My computational colleagues, if I understood them correctly (and this is a very open question) saw Bayes as providing a general formal framework useful to the type of problems cognitive neuroscientists encounter. Importantly, on this conception, Bayes is not an empirical hypothesis about how minds/brains compute but an empirically neutral notation whose principle virtue is that allows you to state matters more precisely than you can in simple English. How so? Well minds/brains are complicated and having a formal technology that can track this complexity in some kind of normal form (as Bayes does) is useful. On this view, Bayes has all the virtues (and charms?) of double entry bookkeeping.[1] On this view, every problem is amenable to a Bayesian analysis of some kind so there is no way for a Bayes approach as such to be wrong or inapposite, though particular proposals can be better or worse. In short, Bayes so considered is more akin to C++ (an empirically neutral programming language) than to Newton’s mechanics (a description of real world forces).

There is a contrasting view of Bayes that is prevalent in some parts of the cog-neuro world. Here Bayes is taken to have empirical content. In contrast to the first view, its methods can be inappropriate for a given problem and a Bayes approach as such can even be wrong if it can be shown that its design requirements are not met in a given problem domain.  On this view, Bayes is understood to be a description of cog-neuro mechanisms and describing a system as Bayesian is to attribute to that system certain distinctive properties.

These two conceptions cannot be more different. And I suspect that the move between these two conceptions has muddied the conceptual landscape.  Empirically minded cognitive neuroscientists are attracted to the second conception for it commits empirical hostages and makes serious claims (I review some of these below). CS types seem attracted to the first conception precisely because it provides a general notation for dealing with any computational problem and it does so by being general and thus bereft of any interesting empirical content.[2] Whichever perspective you adopt, it’s worth keeping them separate.

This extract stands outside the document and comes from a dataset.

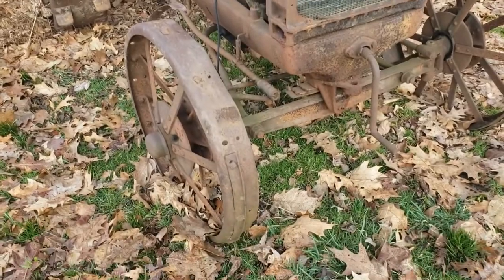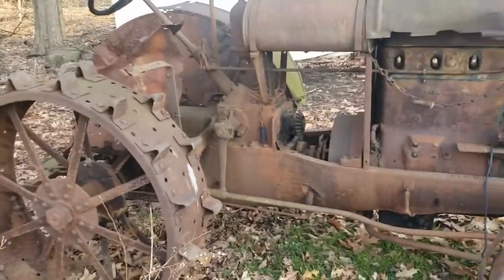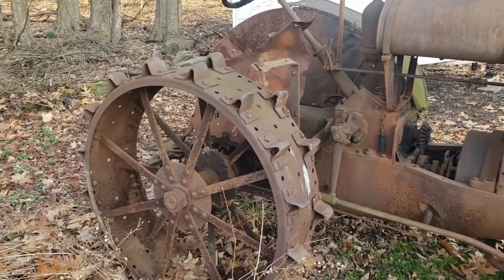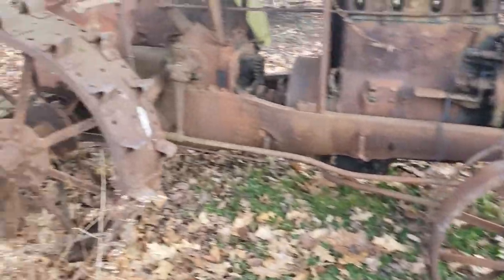Good morning YouTubers. I talked to a couple people who had steel wheel tractors and they're interested in taking them to parades and shows, but they're having trouble getting anywhere because of the old-fashioned steel wheels. These wheels look awesome — this is the way an old tractor should look in my opinion. You can put it on rubber, you can find rubber and buy the tires, but there is an alternative way.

I just read a very good exposition of the second conception of Bayes-as-mechanism by O’Reilly, Jbabdi and Behrens (OJB) (here).[3] OJB is at pains (i) to show what the basic characteristics of a Bayes system are, (ii) to illustrate successful cases where the properties so identified gain explanatory purchase within cog-neuro and (iii) to show where the identified properties are not useful in explaining what is going on. Step (iii) illustrates that OJB takes Bayes to making a serious empirical claim.  Here are some details, though I recommend that you read the paper in its entirety as it offers a very good exposition of why neuroscientists have become interested in Bayes, and it’s not just because of (or even mainly due to) its computational explicitness.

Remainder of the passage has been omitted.